### How to complete this task
All of the records must come back exactly. Please repeat them in full.

----

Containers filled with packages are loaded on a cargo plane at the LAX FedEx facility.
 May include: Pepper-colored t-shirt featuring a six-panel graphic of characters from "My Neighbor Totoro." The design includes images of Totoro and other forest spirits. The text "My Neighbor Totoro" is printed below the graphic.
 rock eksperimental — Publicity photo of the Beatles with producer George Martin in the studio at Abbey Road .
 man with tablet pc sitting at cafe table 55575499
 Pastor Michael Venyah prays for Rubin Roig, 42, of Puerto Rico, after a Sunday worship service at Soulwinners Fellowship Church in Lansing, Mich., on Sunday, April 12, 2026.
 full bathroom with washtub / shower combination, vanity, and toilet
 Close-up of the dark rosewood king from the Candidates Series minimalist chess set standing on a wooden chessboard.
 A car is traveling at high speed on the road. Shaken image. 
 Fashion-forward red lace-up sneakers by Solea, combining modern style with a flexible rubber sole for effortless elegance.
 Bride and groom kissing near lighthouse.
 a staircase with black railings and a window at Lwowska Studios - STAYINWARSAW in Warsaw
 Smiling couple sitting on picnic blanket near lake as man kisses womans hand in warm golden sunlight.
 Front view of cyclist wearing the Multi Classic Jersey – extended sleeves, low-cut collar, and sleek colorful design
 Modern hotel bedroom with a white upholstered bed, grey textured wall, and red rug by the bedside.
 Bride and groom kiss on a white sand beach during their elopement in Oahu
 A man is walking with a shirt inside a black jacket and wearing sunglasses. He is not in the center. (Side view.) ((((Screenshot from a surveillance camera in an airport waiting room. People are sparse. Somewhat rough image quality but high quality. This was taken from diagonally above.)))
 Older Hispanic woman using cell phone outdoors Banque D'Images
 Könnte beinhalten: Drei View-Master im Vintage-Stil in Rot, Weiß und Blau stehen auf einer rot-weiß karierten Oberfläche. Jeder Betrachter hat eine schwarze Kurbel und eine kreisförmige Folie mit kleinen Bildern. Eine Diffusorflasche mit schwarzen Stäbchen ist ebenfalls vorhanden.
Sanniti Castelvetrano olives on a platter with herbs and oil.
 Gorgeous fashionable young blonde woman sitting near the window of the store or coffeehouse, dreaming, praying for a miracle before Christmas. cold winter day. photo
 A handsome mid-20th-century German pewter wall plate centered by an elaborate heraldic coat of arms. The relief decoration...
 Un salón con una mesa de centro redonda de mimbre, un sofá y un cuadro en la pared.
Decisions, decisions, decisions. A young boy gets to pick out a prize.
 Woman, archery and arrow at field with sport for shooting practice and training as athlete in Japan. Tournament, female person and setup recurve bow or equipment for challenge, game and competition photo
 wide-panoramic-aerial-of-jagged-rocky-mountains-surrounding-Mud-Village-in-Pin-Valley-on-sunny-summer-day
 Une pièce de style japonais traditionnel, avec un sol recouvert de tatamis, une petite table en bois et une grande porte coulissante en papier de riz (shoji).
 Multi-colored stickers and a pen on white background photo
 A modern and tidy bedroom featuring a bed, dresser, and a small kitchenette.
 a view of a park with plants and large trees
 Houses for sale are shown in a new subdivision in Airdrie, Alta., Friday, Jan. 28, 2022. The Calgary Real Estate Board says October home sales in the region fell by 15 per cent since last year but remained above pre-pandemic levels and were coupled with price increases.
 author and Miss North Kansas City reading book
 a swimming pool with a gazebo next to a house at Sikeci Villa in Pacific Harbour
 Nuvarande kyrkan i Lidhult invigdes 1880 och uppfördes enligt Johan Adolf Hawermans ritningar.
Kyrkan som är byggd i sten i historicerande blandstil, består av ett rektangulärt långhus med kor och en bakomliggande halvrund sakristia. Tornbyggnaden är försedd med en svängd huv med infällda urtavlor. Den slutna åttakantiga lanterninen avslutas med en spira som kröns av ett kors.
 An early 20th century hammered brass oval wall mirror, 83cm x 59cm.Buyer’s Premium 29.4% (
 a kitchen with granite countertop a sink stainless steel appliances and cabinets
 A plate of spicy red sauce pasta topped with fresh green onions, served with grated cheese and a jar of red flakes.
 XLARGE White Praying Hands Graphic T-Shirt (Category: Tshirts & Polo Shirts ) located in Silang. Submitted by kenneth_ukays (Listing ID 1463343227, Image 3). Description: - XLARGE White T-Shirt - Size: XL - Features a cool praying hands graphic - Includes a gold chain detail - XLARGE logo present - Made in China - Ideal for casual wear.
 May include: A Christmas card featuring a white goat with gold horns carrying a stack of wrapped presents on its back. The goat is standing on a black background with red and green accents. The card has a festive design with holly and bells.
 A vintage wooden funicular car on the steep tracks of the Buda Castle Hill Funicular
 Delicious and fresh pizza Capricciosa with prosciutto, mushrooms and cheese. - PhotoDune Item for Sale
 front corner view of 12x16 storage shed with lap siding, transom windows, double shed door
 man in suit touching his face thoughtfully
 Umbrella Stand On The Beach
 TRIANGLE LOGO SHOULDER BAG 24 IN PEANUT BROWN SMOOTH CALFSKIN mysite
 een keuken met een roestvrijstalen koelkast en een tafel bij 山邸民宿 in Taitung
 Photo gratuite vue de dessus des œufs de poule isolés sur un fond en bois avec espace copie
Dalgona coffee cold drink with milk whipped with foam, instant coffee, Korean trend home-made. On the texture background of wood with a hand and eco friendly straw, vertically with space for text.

----

### Reply
Containers filled with packages are loaded on a cargo plane at the LAX FedEx facility.
 May include: Pepper-colored t-shirt featuring a six-panel graphic of characters from "My Neighbor Totoro." The design includes images of Totoro and other forest spirits. The text "My Neighbor Totoro" is printed below the graphic.
 rock eksperimental — Publicity photo of the Beatles with producer George Martin in the studio at Abbey Road .
 man with tablet pc sitting at cafe table 55575499
 Pastor Michael Venyah prays for Rubin Roig, 42, of Puerto Rico, after a Sunday worship service at Soulwinners Fellowship Church in Lansing, Mich., on Sunday, April 12, 2026.
 full bathroom with washtub / shower combination, vanity, and toilet
 Close-up of the dark rosewood king from the Candidates Series minimalist chess set standing on a wooden chessboard.
 A car is traveling at high speed on the road. Shaken image. 
 Fashion-forward red lace-up sneakers by Solea, combining modern style with a flexible rubber sole for effortless elegance.
 Bride and groom kissing near lighthouse.
 a staircase with black railings and a window at Lwowska Studios - STAYINWARSAW in Warsaw
 Smiling couple sitting on picnic blanket near lake as man kisses womans hand in warm golden sunlight.
 Front view of cyclist wearing the Multi Classic Jersey – extended sleeves, low-cut collar, and sleek colorful design
 Modern hotel bedroom with a white upholstered bed, grey textured wall, and red rug by the bedside.
 Bride and groom kiss on a white sand beach during their elopement in Oahu
 A man is walking with a shirt inside a black jacket and wearing sunglasses. He is not in the center. (Side view.) ((((Screenshot from a surveillance camera in an airport waiting room. People are sparse. Somewhat rough image quality but high quality. This was taken from diagonally above.)))
 Older Hispanic woman using cell phone outdoors Banque D'Images
 Könnte beinhalten: Drei View-Master im Vintage-Stil in Rot, Weiß und Blau stehen auf einer rot-weiß karierten Oberfläche. Jeder Betrachter hat eine schwarze Kurbel und eine kreisförmige Folie mit kleinen Bildern. Eine Diffusorflasche mit schwarzen Stäbchen ist ebenfalls vorhanden.
Sanniti Castelvetrano olives on a platter with herbs and oil.
 Gorgeous fashionable young blonde woman sitting near the window of the store or coffeehouse, dreaming, praying for a miracle before Christmas. cold winter day. photo
 A handsome mid-20th-century German pewter wall plate centered by an elaborate heraldic coat of arms. The relief decoration...
 Un salón con una mesa de centro redonda de mimbre, un sofá y un cuadro en la pared.
Decisions, decisions, decisions. A young boy gets to pick out a prize.
 Woman, archery and arrow at field with sport for shooting practice and training as athlete in Japan. Tournament, female person and setup recurve bow or equipment for challenge, game and competition photo
 wide-panoramic-aerial-of-jagged-rocky-mountains-surrounding-Mud-Village-in-Pin-Valley-on-sunny-summer-day
 Une pièce de style japonais traditionnel, avec un sol recouvert de tatamis, une petite table en bois et une grande porte coulissante en papier de riz (shoji).
 Multi-colored stickers and a pen on white background photo
 A modern and tidy bedroom featuring a bed, dresser, and a small kitchenette.
 a view of a park with plants and large trees
 Houses for sale are shown in a new subdivision in Airdrie, Alta., Friday, Jan. 28, 2022. The Calgary Real Estate Board says October home sales in the region fell by 15 per cent since last year but remained above pre-pandemic levels and were coupled with price increases.
 author and Miss North Kansas City reading book
 a swimming pool with a gazebo next to a house at Sikeci Villa in Pacific Harbour
 Nuvarande kyrkan i Lidhult invigdes 1880 och uppfördes enligt Johan Adolf Hawermans ritningar.
Kyrkan som är byggd i sten i historicerande blandstil, består av ett rektangulärt långhus med kor och en bakomliggande halvrund sakristia. Tornbyggnaden är försedd med en svängd huv med infällda urtavlor. Den slutna åttakantiga lanterninen avslutas med en spira som kröns av ett kors.
 An early 20th century hammered brass oval wall mirror, 83cm x 59cm.Buyer’s Premium 29.4% (
 a kitchen with granite countertop a sink stainless steel appliances and cabinets
 A plate of spicy red sauce pasta topped with fresh green onions, served with grated cheese and a jar of red flakes.
 XLARGE White Praying Hands Graphic T-Shirt (Category: Tshirts & Polo Shirts ) located in Silang. Submitted by kenneth_ukays (Listing ID 1463343227, Image 3). Description: - XLARGE White T-Shirt - Size: XL - Features a cool praying hands graphic - Includes a gold chain detail - XLARGE logo present - Made in China - Ideal for casual wear.
 May include: A Christmas card featuring a white goat with gold horns carrying a stack of wrapped presents on its back. The goat is standing on a black background with red and green accents. The card has a festive design with holly and bells.
 A vintage wooden funicular car on the steep tracks of the Buda Castle Hill Funicular
 Delicious and fresh pizza Capricciosa with prosciutto, mushrooms and cheese. - PhotoDune Item for Sale
 front corner view of 12x16 storage shed with lap siding, transom windows, double shed door
 man in suit touching his face thoughtfully
 Umbrella Stand On The Beach
 TRIANGLE LOGO SHOULDER BAG 24 IN PEANUT BROWN SMOOTH CALFSKIN mysite
 een keuken met een roestvrijstalen koelkast en een tafel bij 山邸民宿 in Taitung
 Photo gratuite vue de dessus des œufs de poule isolés sur un fond en bois avec espace copie
Dalgona coffee cold drink with milk whipped with foam, instant coffee, Korean trend home-made. On the texture background of wood with a hand and eco friendly straw, vertically with space for text.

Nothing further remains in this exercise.